ML Research Scientist, Prediction & Smart Agents

Nuro
Mountain View, California (HQ) / California - HQ, Nuro HQ - Mountain View, CA2026-02-19

About the job

The mandate of the prediction team is to use advanced machine learning techniques to improve the behavior of the Nuro Driver. As a key member of the Prediction and Smart Agents team, you will focus on building state-of-the-art models for predicting the behavior of surrounding traffic. These models are crucial for our autonomous system, as they will be deployed onboard as part of our planning stack and used offboard for realistic closed-loop simulation.

Responsibilities

Design and build scalable, machine learning-based prediction systems to generate multi-modal, realistic, and kinematically feasible trajectories.

Conduct cutting-edge research in generative sequence modeling and sequential decision-making. Areas of interest include, but are not limited to:

Scalable generative sequence modeling approaches.

Marginal, conditional, and joint distribution modeling for interactive agents.

Transformer-based encoder-decoder architectures.

Large generative models and diffusion models.

Controllability of agents via conditioning, guidance, and other techniques.

Collaborate closely with the Planning team to design realistic and controllable agents for closed-loop simulation, enabling agent training via Reinforcement Learning (RL).

Mitigate accumulated uncertainties across interconnected autonomy components.

Collaborate across various autonomy teams to develop holistic solutions for top challenges, proposing ideas, prioritizing.

Derive practical, deployable solutions and see them deployed on real-world vehicles

Qualifications

Minimum

You have an M.Sc. or Ph.D. (preferable) focusing on one or more of the following areas: Computer Science, Artificial Intelligence, Mathematics, or a closely related field

Subject matter expertise and research experience in one or more of the following: sequential decision-making, prediction, Imitation Learning, Deep Reinforcement Learning, generative modeling, large models (pretraining/finetuning), or machine learning for robotics.

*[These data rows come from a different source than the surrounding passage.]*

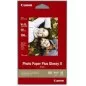 Hartie foto GLOSSY PLUS II 10x15 260g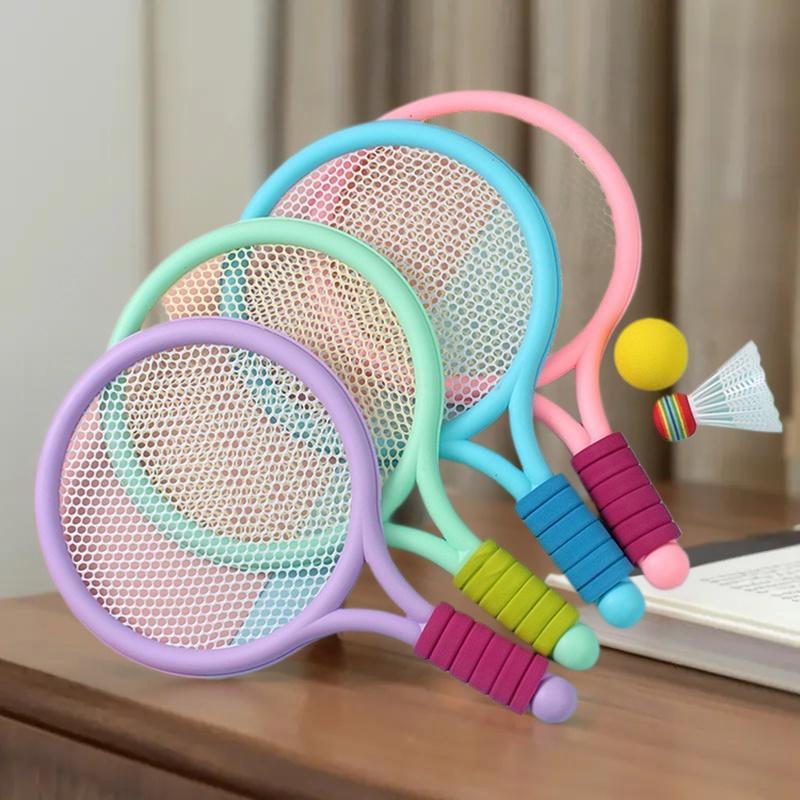 1 SetLightweight Children Tenn - Badminton Junior 리뷰 및 가격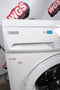 Zanussi ZWF8141NW - Wasmachine - 8kg - 2ehands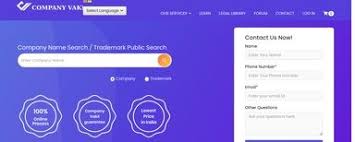 Talking parents app cost uk. Talking Parents Reviews 54 Reviews Of Talkingparents Com Sitejabber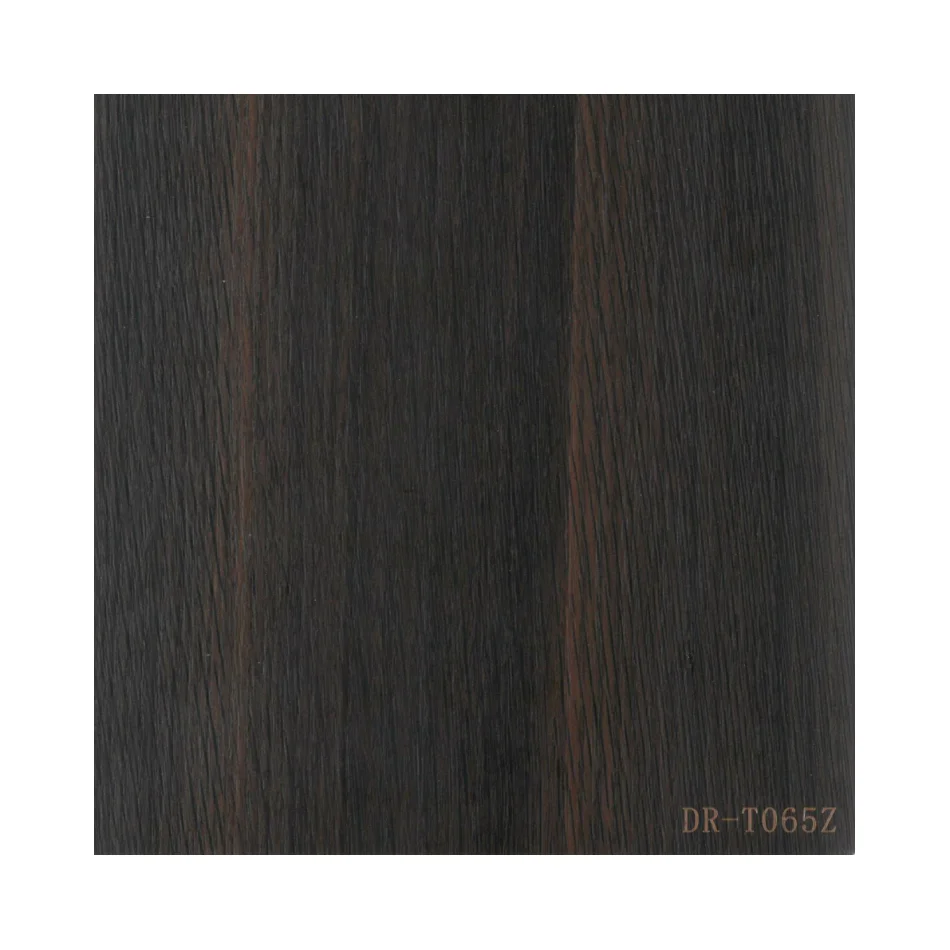 Double faces melamine faced mdf board thailand 2.5mm 3mm 5mm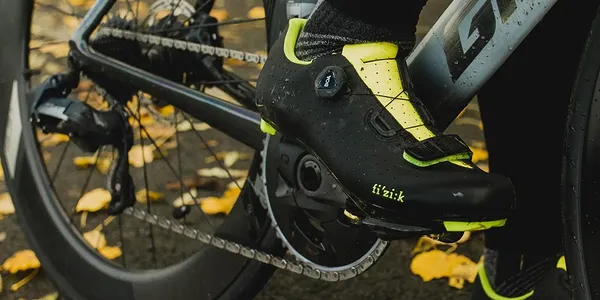 Fizik Shoes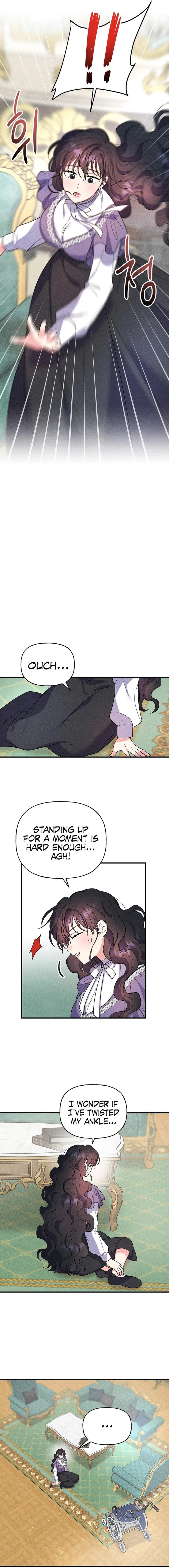 Chapter 9, page 7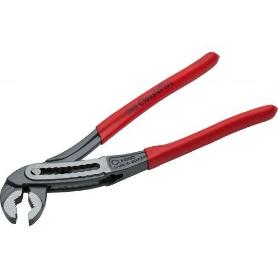 NWS-1651-12-240-TENAZA DE ABERTURA MúLTIPLE CLASSIC PLUS (240 MM)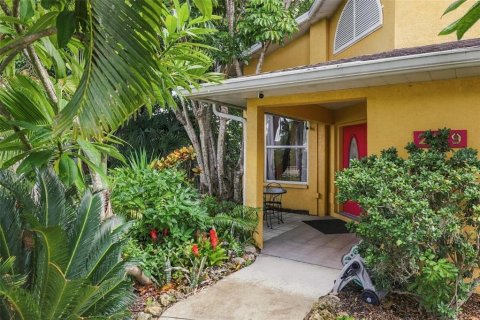 Casa en venta en Sarasota, Florida, 4 dormitorios, 278.89 m2 № 2383542 - foto 3
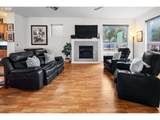 3990 Abbey Ln - Photo 11
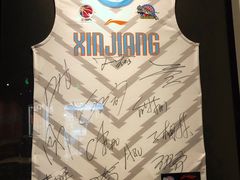 -疆Jiang·新疆秘制料理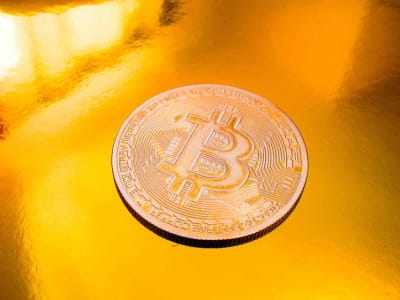 Bitcoin Tunjukkan Ketahanan Meskipun Tertekan Ketidakpastian Ekonomi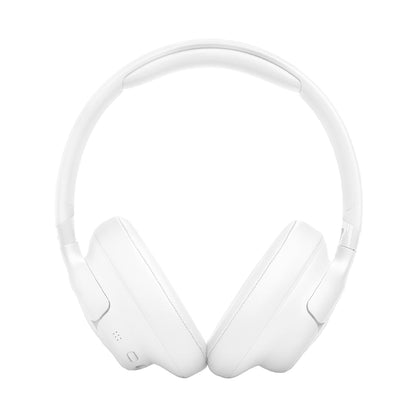 Audífonos JBL Tune 730BT Bluetooth Blanco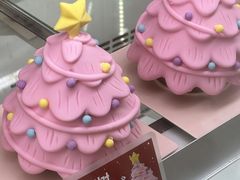 -MaKY米旗(熙地港店)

Strong problem solving and programming skills in Python (required) and C++ (beneficial) and ML frameworks such as PyTorch.

Strong culture fit and good team player.

You have 2+ years of deploying machine learning systems onboard, ideally in the area of prediction.

Demonstrated research publications in top conferences (e.g. NeurIPS, ICLR, ICML, CVPR, RSS, CoRL, ICRA, IROS etc.)

Preferred

Deep background in Embodied AI for robotics, Causal reasoning, Model interpretability and explainability, Joint prediction and planning, Understanding of Diffusion Models.